Traditionally at-will employees do not have a right to contest their termination. That is because by definition, both employees and employers can terminate their employment relationship anytime upon their will. However, there are instances where at-will employees can file a wrongful termination suit. A Los Angeles wrongful termination lawyer can explain the exemptions further, but to give you an idea here is a short summary of each. An at-will employee can file a wrongful termination suit through these three exemptions: 1. Breach of contract It would be easy for an at-will employee to file a wrongful termination suit if he was actually given an express written contract but that is not usually the case.
There are contracts that are implied and are much more difficult to prove. One of the most common ways to prove this is through the employee handbook.
If it says that an employee cannot be terminated without just cause then it can be treated as an agreement between the employer and the employee that there has to be a legitimate reason for termination.

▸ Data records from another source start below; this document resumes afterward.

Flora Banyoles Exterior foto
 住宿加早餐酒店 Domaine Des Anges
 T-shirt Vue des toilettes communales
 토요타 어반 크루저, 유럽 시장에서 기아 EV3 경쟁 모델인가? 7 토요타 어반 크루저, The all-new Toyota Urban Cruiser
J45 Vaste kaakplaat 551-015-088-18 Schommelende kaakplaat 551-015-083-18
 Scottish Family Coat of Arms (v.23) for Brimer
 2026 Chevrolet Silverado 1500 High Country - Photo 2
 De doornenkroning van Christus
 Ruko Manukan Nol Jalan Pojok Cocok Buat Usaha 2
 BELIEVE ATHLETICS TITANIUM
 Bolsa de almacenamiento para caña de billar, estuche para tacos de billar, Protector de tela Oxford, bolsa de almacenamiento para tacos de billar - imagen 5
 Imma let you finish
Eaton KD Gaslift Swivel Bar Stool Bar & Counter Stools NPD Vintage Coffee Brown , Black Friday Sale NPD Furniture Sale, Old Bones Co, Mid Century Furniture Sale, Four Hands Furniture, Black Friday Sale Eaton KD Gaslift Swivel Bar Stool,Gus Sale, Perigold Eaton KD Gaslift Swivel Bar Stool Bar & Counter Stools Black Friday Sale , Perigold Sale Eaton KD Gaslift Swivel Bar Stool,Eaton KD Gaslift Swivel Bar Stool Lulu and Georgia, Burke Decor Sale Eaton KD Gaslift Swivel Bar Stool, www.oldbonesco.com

- Violation of public policy If the termination of the employee violates an existing public policy like a federal or state law then it can be treated as a wrongful termination. Some of the situations where this can apply include: • Employee was fired for refusing to perform act that can be considered as crime such as stealing and fraud. • Employee was fired for turning whistleblower abut questionable practices within the company • Employee was fired for participating in an investigation against the company • Employee was fired for filing a discrimination or harassment complaint against the company • Employee was fired for participating in a law protected activity 3. Covenant of Good Faith and Fair Dealings This is the most commonly used exemption in at-will employee wrongful termination case because even with the absence of an implied contract or a violation of public policy, it applies the covenant of good faith and fair dealings on the employer-employee relationship.
This requires employers to act in good faith and to deal fairly with the employee when it comes to his tenure with the company.
The interpretation can vary depending on the court, but generally it means that termination should be subject to just cause or that the law prohibits terminations made in bad faith.